雍正七年琅嬅生下龍鳳胎,胤禛龍心大悅,給其取名永璉與璟珺。
“璉”乃宗廟之器,寄予厚望。
“珺”為美玉,象徵溫潤珍貴。
雍正十年,琅嬅再次生下一格格,這次是弘曆給其取名璟瑟。
“瑟”為古雅樂器,願其性情嫻靜,才情雅緻。
至此寶親王后院除了琅嬅再無一人有孕。
胤禛起初以為是兒子年輕或是對後院女子不甚上心。
及至他細一盤算,才發覺弘曆後院這些女人的出身,著實有些拿不出手。
嫡福晉富察氏自然是好的,側福晉高氏的母族也還差強人意。
但其餘人等,要麼家裡是不入流的小官要麼是民女之類的,真就拿不出手。
子嗣關乎國祚傳承,後院女子出身低微,將來如何誕育、教養出身份貴重的皇孫?
思及此,胤禛大手一揮,於雍正十一年初,為弘曆賜下一側福晉、一格格,以示恩寵,也為充實後院,盼其開枝散葉。
側福晉為鈕鈷祿氏旁支嫡女,其父官居從三品撫司,在京中頗有實權。
格格姓何,別看是漢姓,但是家裡是赫舍里氏一脈的,康熙年間因為廢太子的風波,為儲存實力而從赫舍里氏分支出來的。
琅嬅感嘆,弘曆這後院可算有些看頭了。
聽聞鈕鈷祿氏與何氏在閨中時便是手帕交,感情甚篤,所以琅嬅將兩人分到了一起,正好就是原來如懿的那個大院子,如今改名為錦棠軒。
晚上“新婚夜”的時候,弘曆在糾結,掙扎。
他對新人並無太多期待,甚至隱隱有些抗拒。先前後院那些女子,出身低微,他冷落便冷落了,她們也不敢多言。可這次不同。

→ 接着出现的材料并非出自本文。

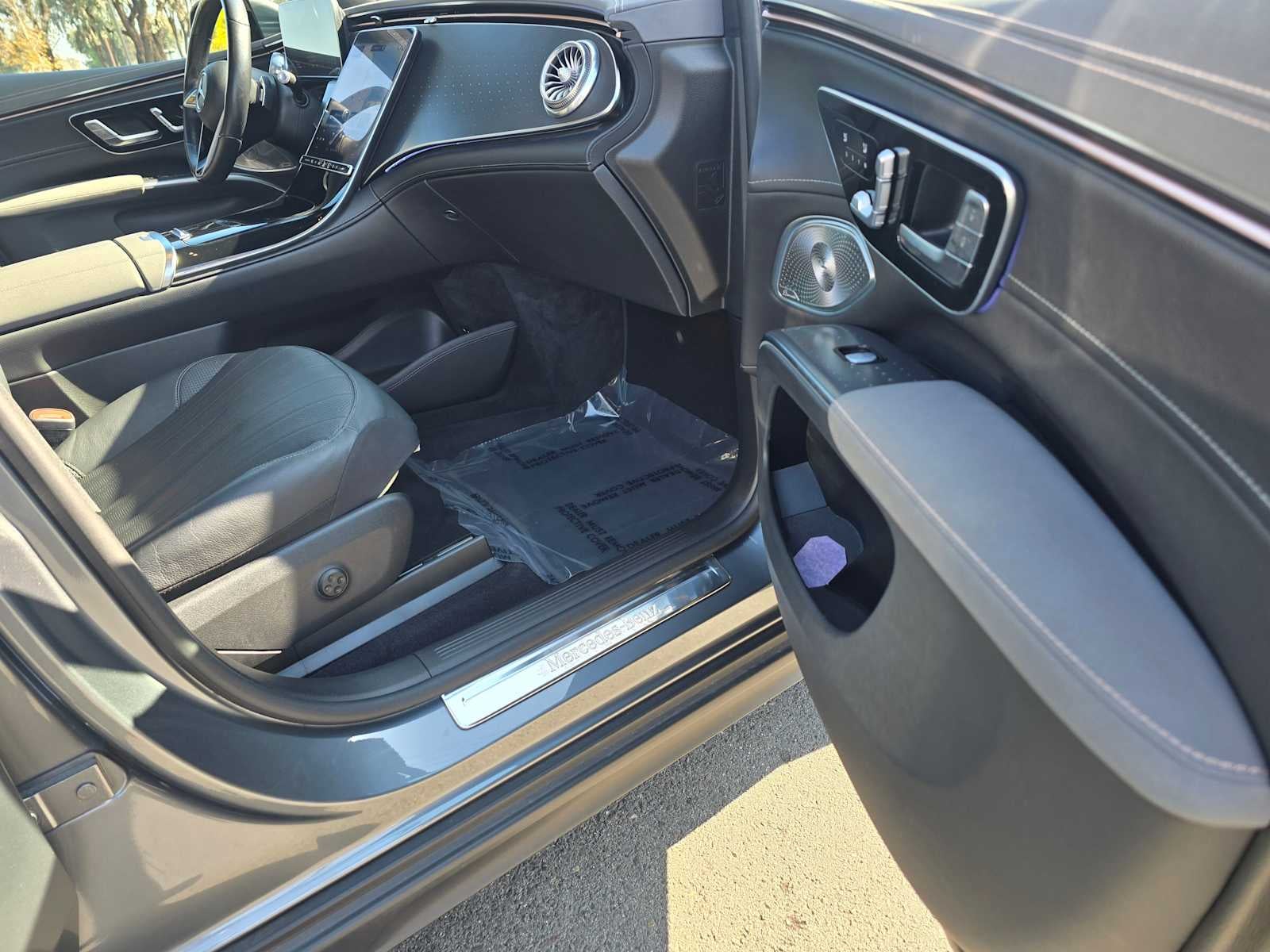 2023 Mercedes-Benz EQS EQS 450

這次的側福晉出身鈕鈷祿氏,在玉牒上還算是他生母的孃家人呢。
若他新婚之夜便刻意冷落,傳到皇阿瑪和皇額娘耳中,少不得一番訓誡,說他不知輕重,薄待母族,甚至會i、牽連琅嬅。
可若是去……弘曆心裡又有些說不清道不明的彆扭。
這些年,他雖非刻意,但除了正院和偶爾去高曦月處,基本就沒踏足其他侍妾屋中,就算去高曦月那裡,兩人也只是單純的同枕而眠。
在弘曆糾結的時候,很巧的是鈕鈷祿氏派人給弘曆告假了,說是不巧身子不舒服。
弘曆鬆了一口氣,但是也不敢跑到正院休息,琅嬅的性子他清楚,若他新婚之夜跑去正院“避難”,琅嬅估計會給他踢出去,所以弘曆回了前院獨自休息。
至於何格格,弘曆認為她們兩個住在一個院子,鈕鈷祿氏就算是她的主位了,主位新婚夜他去何格格那更不合適藉口都不用找了。
訊息傳到正院,琅嬅正由著如意伺候卸下釵環。聽完稟報,她挑了挑眉,臉上露出幾分意外之色。
不管是弘曆決然“清心寡慾”,還是鈕鈷祿氏把弘曆拒之門外,都讓她挺驚奇的,別跟她說鈕鈷祿氏來了小日子不方便。
婚期那都是對方面核定過的,側福晉也是上了玉牒的,內務府不會這點小事都不辦好的,所以定下的婚期絕對不會和特殊日子重合的。